Besides, the impeachment of President Rousseff is not a foregone conclusion. While the easiest solution would be for her to resign, she has repeatedly stated that she would stay on the job. The last election, in 2014, could be annulled if allegations of irregularities in her campaign financing are proved, in which case an interim president would be appointed until the next vote, in 2018. The prospect of impeachment, the event that triggered the recent rally in Brazilian assets, will depend on a vote in the Senate. The decision of the president's main coalition ally, the Brazilian Democratic Movement, to join the opposition, has left her more isolated than ever.
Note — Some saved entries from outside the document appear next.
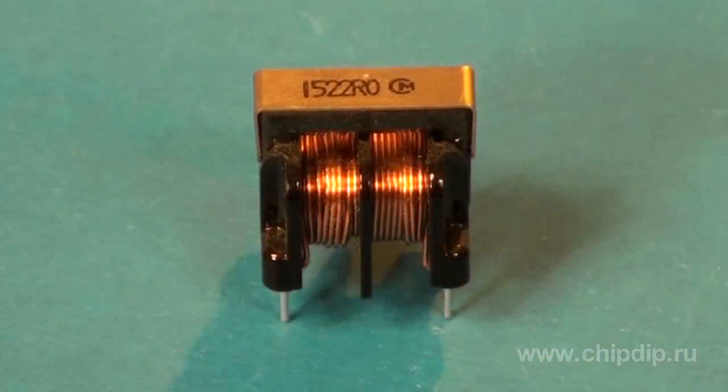The inductance chokes are rated from 0.3 to 4 amperes. High operating current is reached due to a special multi-layered manufacturing process, as well as optimized thickness of inner electrode.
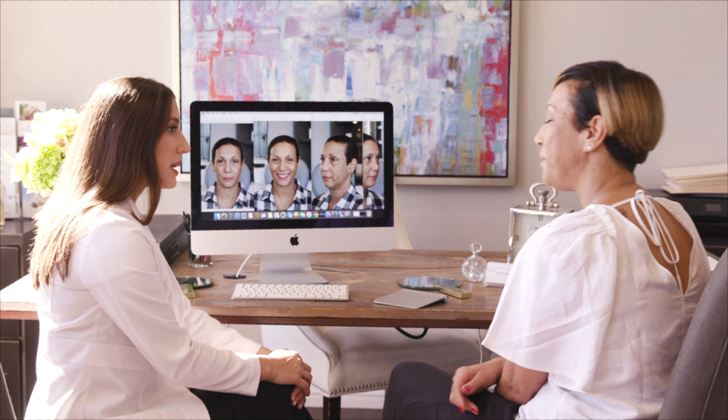Hi Ingrid, how are you today? I'm good, how are you? Good, thank you. So last time we met you had a couple concerns. Do you mind walking me through those again?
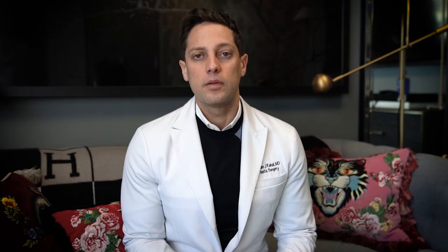What does J Plasma, also known as Renuvion, do? It's a skin tightening procedure. It delivers energy in the form of radio frequency energy, RF, to collagen. It causes the collagen to kind of shrink wrap and tighten, and it gives overall a tightening effect.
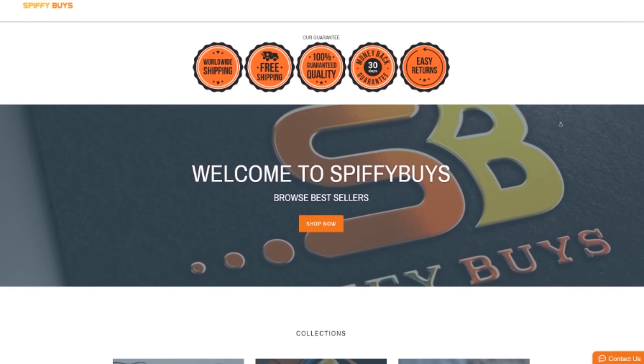Before we start I want to thank our sponsor for today's video, Spiffy Buys. They have accessories for dogs like a glove that brushes the hair off your dog, toothbrushes for dogs, and also phone chargers and phone accessories. Check them out in the link in the description below.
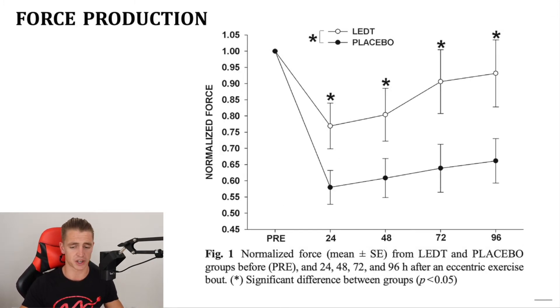Force production is extremely important if you're looking to improve performance in the gym — if you can lift a heavier weight, you'll have a greater stimulus for muscle growth. The placebo group's force production dropped to below 60 percent after 24 hours and really stayed low — even after four days they weren't even at 65 percent of their normalized force production. Whereas the people who had red light therapy dropped to somewhere between 75 and 80 percent after 24 hours, and that improved all the way up to just under 95 percent of their normalized force production at the four-day mark.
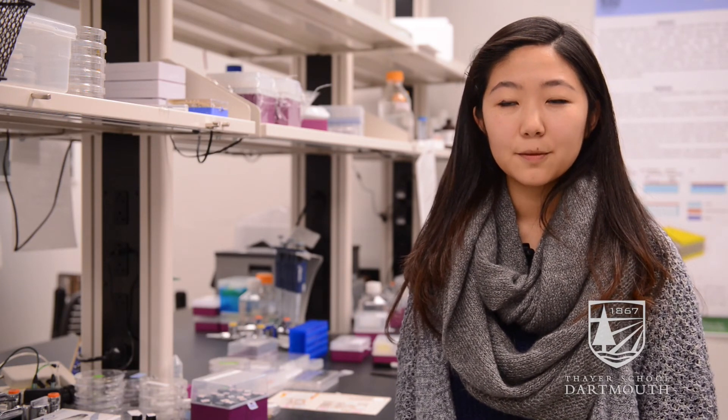Working in this lab has prompted me to ask myself questions about the things that scientists and engineers encounter when creating different devices for underserved populations.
The opposition has to muster the votes of two-thirds of the country's senators by mid-April to initiate the impeachment process. One can well imagine that the next two weeks will see frantic horse-trading in the wings.
So, as we can see, dethroning Rousseff quickly will be no easy matter and, moreover, won't guarantee significant progress on the road to reform.
Part of the reason why investors scrambled to buy Russian stocks last year was the market's rock-bottom valuation, 40% below the historical average. Brazil does not boast the same buying argument. The local benchmark was trading at 10x earnings in January (about the same level as the emerging markets' in general), just 10% below its historical average (see chart below).
In view of these developments we wonder how sustainable the present rally, largely driven by uncertain political hopes, can be.